Large, focused gameplay corpora are valuable because noisy streaming footage (overlays, desktop, launchers) confounds model learning. This dataset supplies nearly 495 hours of gameplay-only clips trimmed to remove launchers, desktop screens, and viewing/streaming artifacts while keeping in-game menus, lobbies, loading, and cutscenes — making it directly usable for vision-action research and gameplay analysis.
What Sets It Apart
- Session-oriented layout: each workflow folder contains a 30fps H.264 clip.mp4 plus events.json (input/app events rebased to clip timeline), frame_events.json (per-frame event view), and a metadata.json summarizing duration and event counts — so you get aligned video+event traces out of the box.
- Wide game coverage with concentrated scale: 776 workflows across 168 distinct games totaling 494.7 hours; top titles include Valorant (102.2 h), Minecraft (41.3 h), and GTA V (34.7 h) — useful for both breadth and per-title depth.
- Trimmed to pure gameplay: non-gameplay content (launchers, desktop, watching/streaming) removed, reducing label noise for behavior cloning, imitation learning, and supervised vision-action training.
- Practical formats: 30fps CFR H.264 video and NDJSON event files enable straightforward ingestion with standard tools (datasets, pandas, polars) and simple conversion pipelines.
Who it's for — and tradeoffs
Great fit if you need medium-scale, gameplay-focused video + input traces for training vision-action models, behavior cloning, imitation learning, gameplay understanding, or dataset augmentation.

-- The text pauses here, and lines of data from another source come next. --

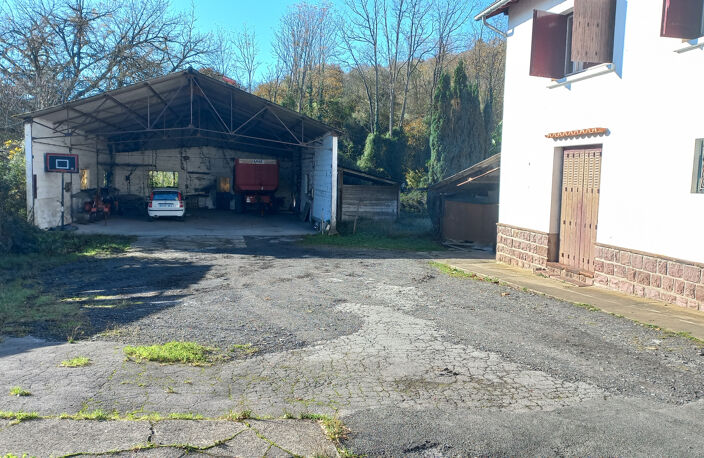 Immeuble avec dépendances — photo 3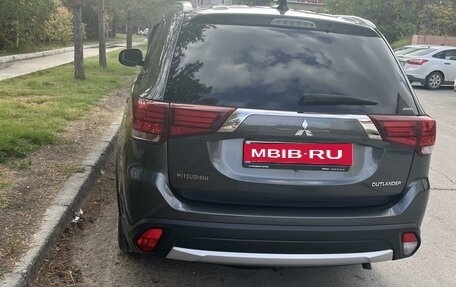 Mitsubishi Outlander III рестайлинг 3, 2018 год, 2 600 000 рублей, 6 фотография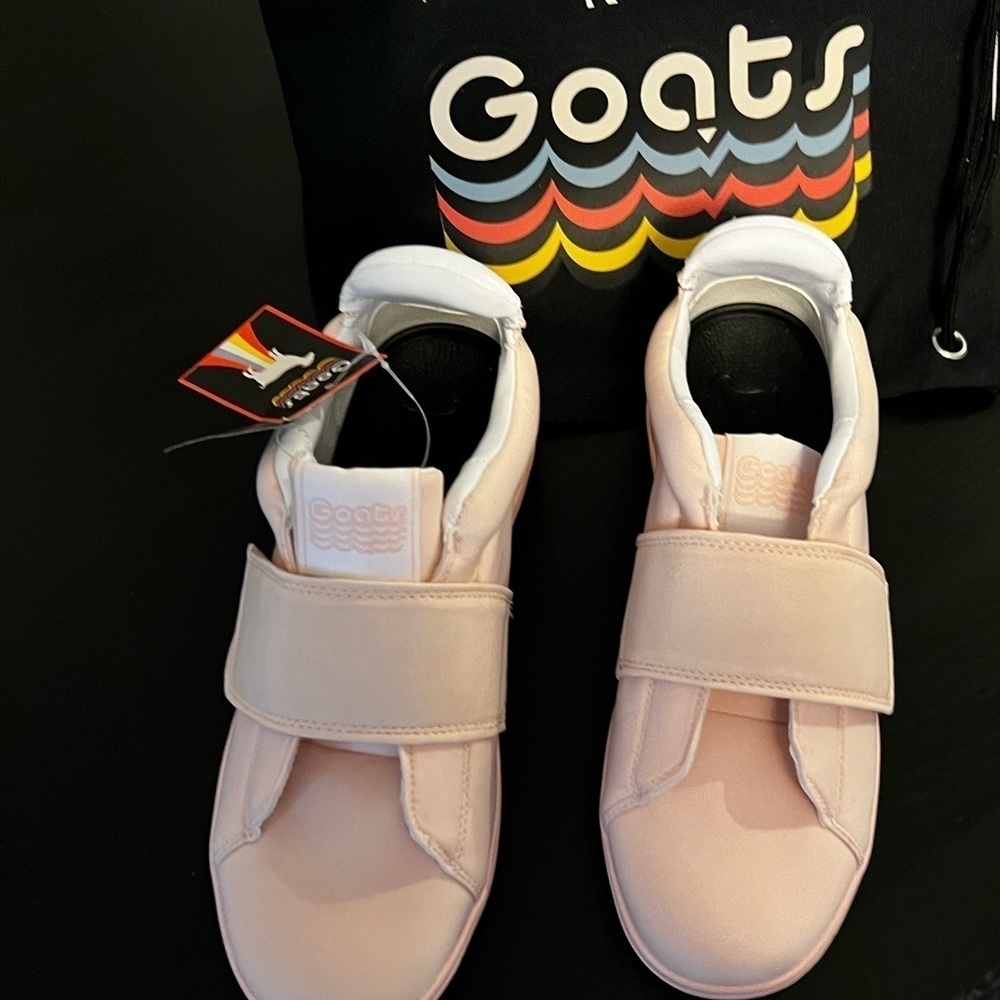Goats Pink lace-free sneakers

The dataset's per-session organization and event alignment lower preprocessing overhead.
Look elsewhere if you require an explicit open license (the Hugging Face card lists no license), ultra-high frame-rate / hardware-synchronized HID traces, or full desktop recordings (this collection is trimmed to in-game footage). Also note the dataset is Windows-heavy (~489.3h) with limited macOS coverage (~5.3h), which may bias platform-specific behaviors.